#### WORK INSTRUCTION
Below are entries. Give back exactly the lines from the one containing "JULY'S SONG Mid-Century" through the one containing "Baskılı 3 Lü", inclusive, without the pictures.

#### RECORDED INFORMATION
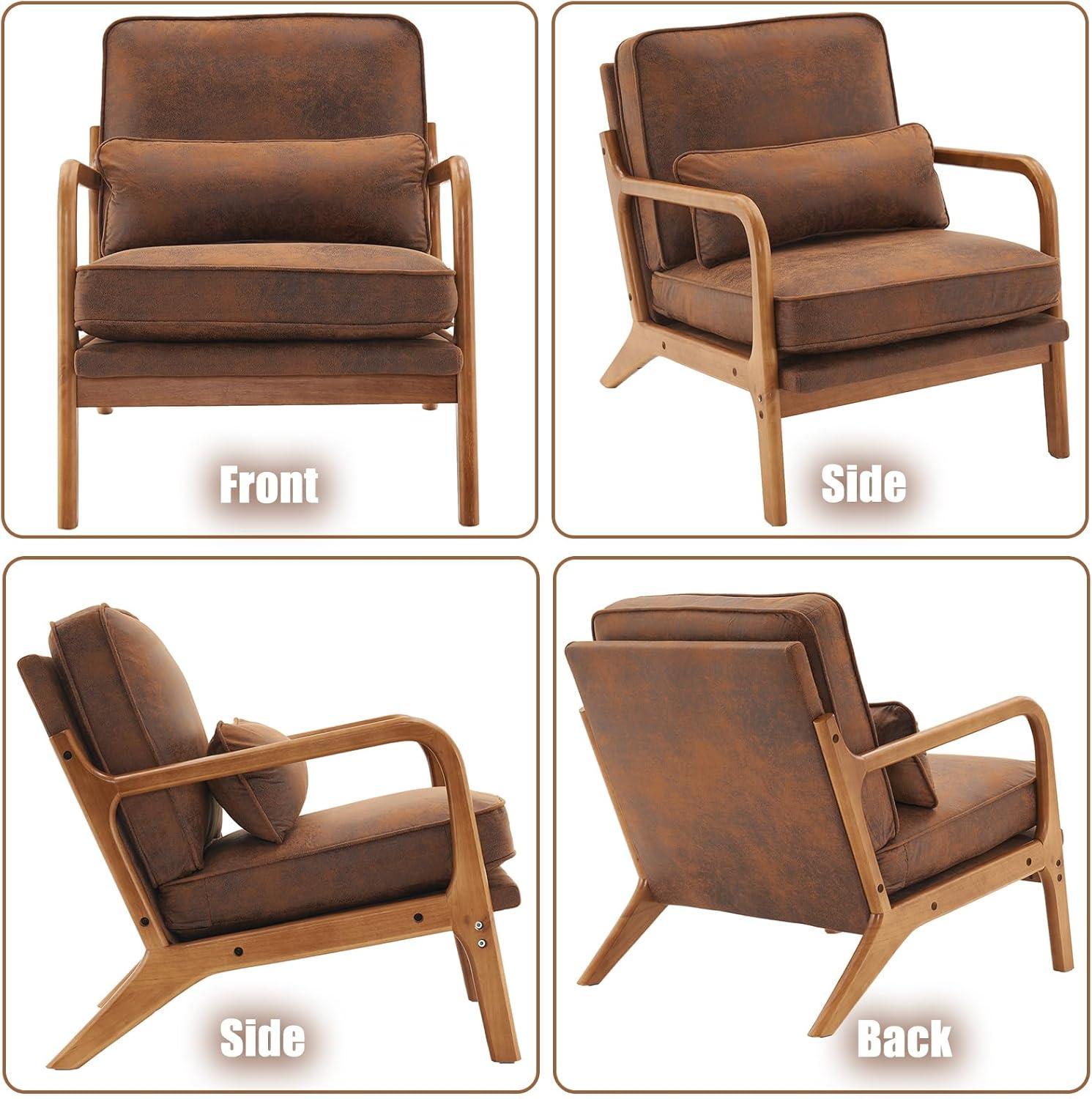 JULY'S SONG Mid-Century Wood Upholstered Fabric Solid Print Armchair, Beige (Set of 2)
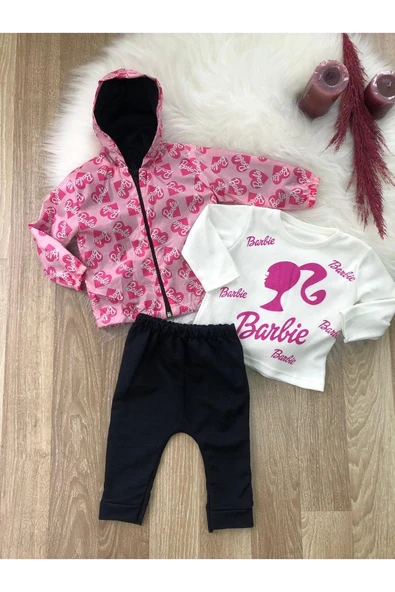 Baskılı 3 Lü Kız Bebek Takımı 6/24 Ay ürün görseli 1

--

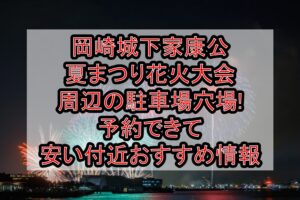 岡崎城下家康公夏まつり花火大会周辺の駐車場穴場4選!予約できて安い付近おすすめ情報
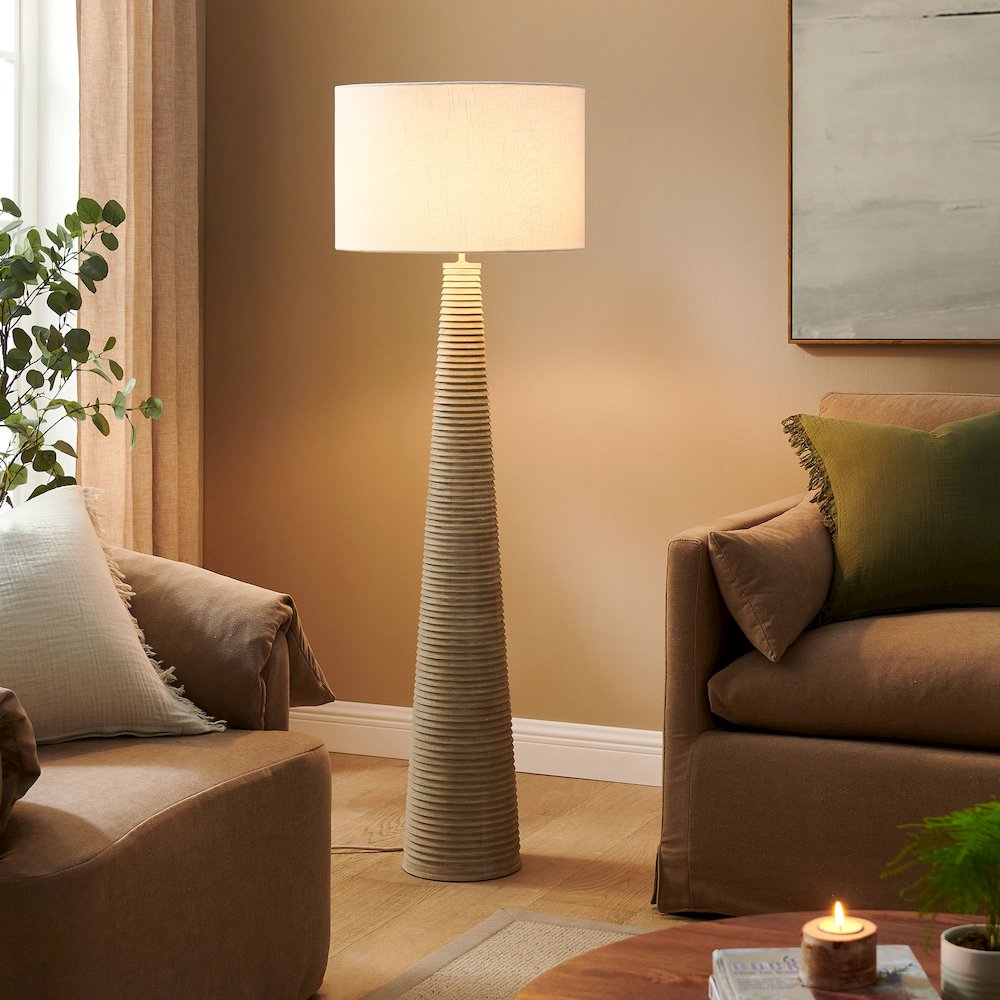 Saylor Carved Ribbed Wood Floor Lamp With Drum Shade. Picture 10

#### WRITTEN ANSWER
 JULY'S SONG Mid-Century Wood Upholstered Fabric Solid Print Armchair, Beige (Set of 2)
 Baskılı 3 Lü Kız Bebek Takımı 6/24 Ay ürün görseli 1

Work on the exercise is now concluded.